Se hizo el silencio. Los labios de Tschetter empezaron a temblar y el holograma se apagó.
Kira soltó un largo suspiro, giró sobre los talones y empezó a caminar de un lado a otro por la celda. ¿Se había pasado de la raya? Seguramente no. Ahora le correspondía al capitán decidir si accedían a sus condiciones… Henriksen, se llamaba. Kira esperaba que no fuera tan obtuso como Tschetter. Un capitán tenía que ser más abierto de miras.
«¿Cómo mierda he terminado aquí?», murmuró.
Pero la única respuesta fue el continuo zumbido de la nave.
No habían pasado ni cinco minutos cuando el espejo polarizado se aclaró de nuevo. Kira comprobó con desaliento que Carr era el único ocupante de la sala de observación. La contemplaba con expresión resentida.

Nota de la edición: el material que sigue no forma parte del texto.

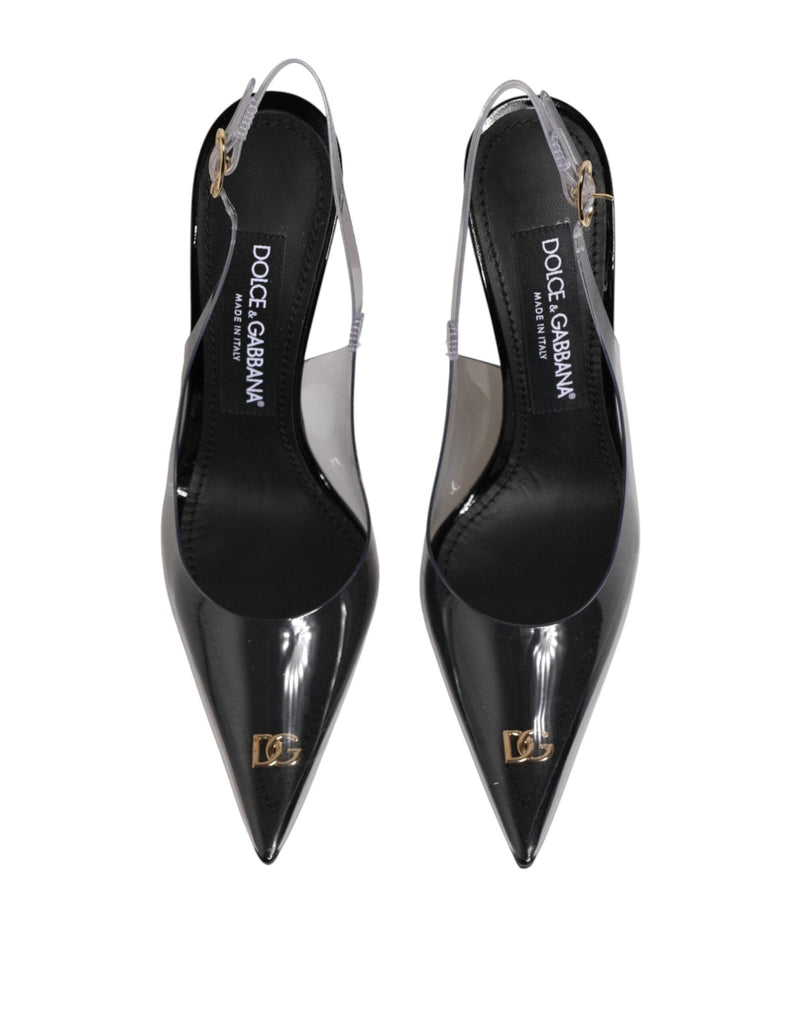 Dolce & Gabbana Black Leather Clear PVC Slingback Pumps Shoes - Beyzy Store - Dolce & Gabbana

Kira le devolvió la mirada, desafiante.
El doctor pulsó un botón y el dichoso foco se encendió otra vez.
—De acuerdo, Navárez. Ya está bien. Vamos a…
Kira le dio la espalda.
—Déjeme en paz.
—De eso nada.
—Pues no pienso ayudarlos hasta que tenga lo que he pedido. Así de sencillo.
Un fuerte ruido la hizo girarse. El doctor acababa de estampar los puños contra el panel.

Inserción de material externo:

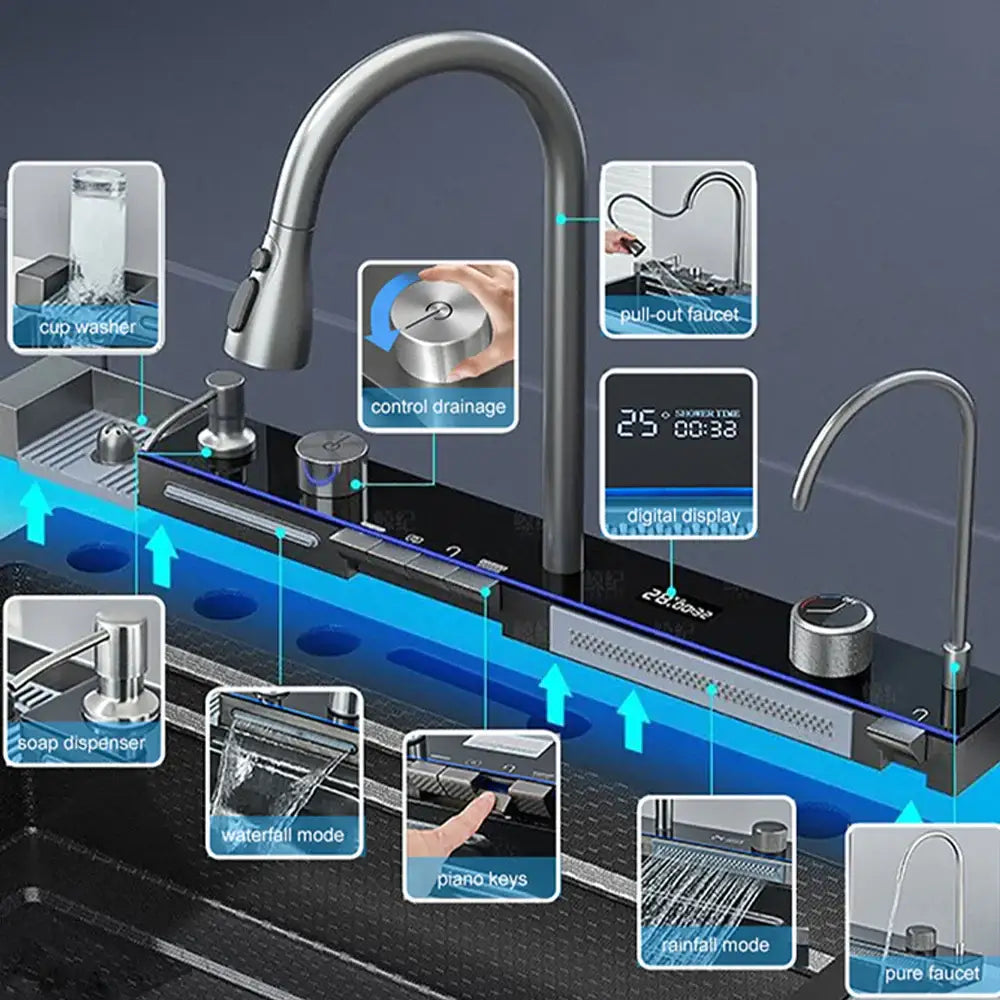 Modern black stainless steel waterfall kitchen sink with stainless steel faucet pull-out spray and digital shower control display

—Vuelva a la posición, Navárez. Si no…
—¿Si no qué? —dijo Kira con un resoplido burlón.
Carr siguió frunciendo el ceño hasta que sus ojos se convirtieron en dos puntos centelleantes enterrados en su rostro mofletudo.
—Como quiera —le espetó.
El comunicador se apagó con un chasquido y los dos S-PAC volvieron a surgir de las ranuras del techo. El que Kira había inutilizado ya había sido reparado: el manipulador estaba como nuevo.

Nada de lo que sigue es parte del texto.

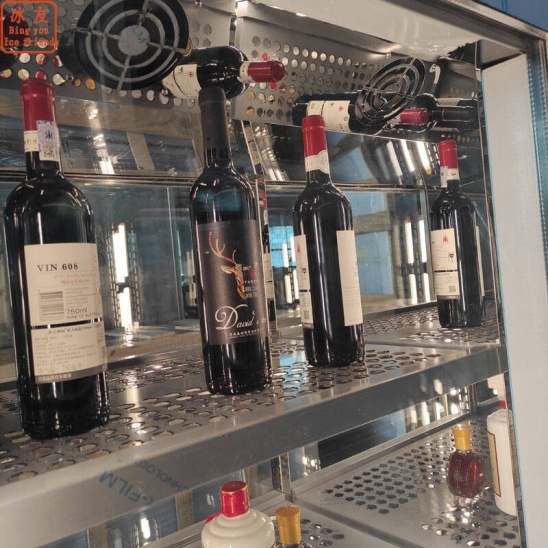 personalizado doble cara Refrigerador de exhibición de bebida fría de vino de vidrio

Kira se acuclilló con aprensión cuando las máquinas se cernieron sobre ella, extendiéndose como las patas de una araña. Trató de golpear a la más cercana, pero esta eludió el manotazo con tanta rapidez que parecía haberse teletransportado. Era imposible rivalizar con la velocidad de un robot.
Los dos brazos atacaron al mismo tiempo. Uno de ellos la aferró por la mandíbula con sus manipuladores fríos y duros, mientras el otro caía sobre ella empuñando una jeringuilla. Kira notó la presión detrás de la oreja, pero de pronto la aguja de la jeringuilla se partió.
El S-PAC la soltó y Kira se arrastró hasta el centro de la celda, jadeando. ¿Qué mierda…? En la sala de observación, el doctor fruncía el ceño mientras comprobaba algo en su holofaz.
Kira se palpó detrás de la oreja. Lo que horas antes había sido piel desnuda ahora estaba cubierta por una fina capa del material del traje. Sentía un hormigueo en el cuero cabelludo, y también alrededor del cuello y la cara. La sensación aumentó hasta convertirse en un fuego frío que le escocía y picaba. Era como si el xeno estuviera intentando moverse. Pero no se movió.
Una vez más, la criatura la había protegido.
Kira levantó la vista para mirar a Carr. El doctor estaba inclinado sobre el cuadro de mandos, observándola fijamente con el ceño fruncido y la frente perlada de sudor.
Al cabo de un momento, se dio la vuelta y se alejó del espejo.
Kira se dio cuenta de que estaba conteniendo la respiración. Suspiró. Seguía notando la adrenalina corriéndole por las venas.
Al otro lado de la compuerta presurizada se oyó un golpe sordo.
Kira se quedó paralizada. ¿Y ahora qué?
Oyó el chasquido de una cerradura y el gemido de las bombas atmosféricas. Después, la hilera de luces que cruzaban el centro de la compuerta empezó a emitir destellos amarillos. La cerradura rotó y se desancló de la pared.
Kira tragó saliva. ¿Carr iba a permitir que otra persona entrara en la celda con ella? Imposible.
Se oyó el chirrido del metal mientras la compuerta se abría.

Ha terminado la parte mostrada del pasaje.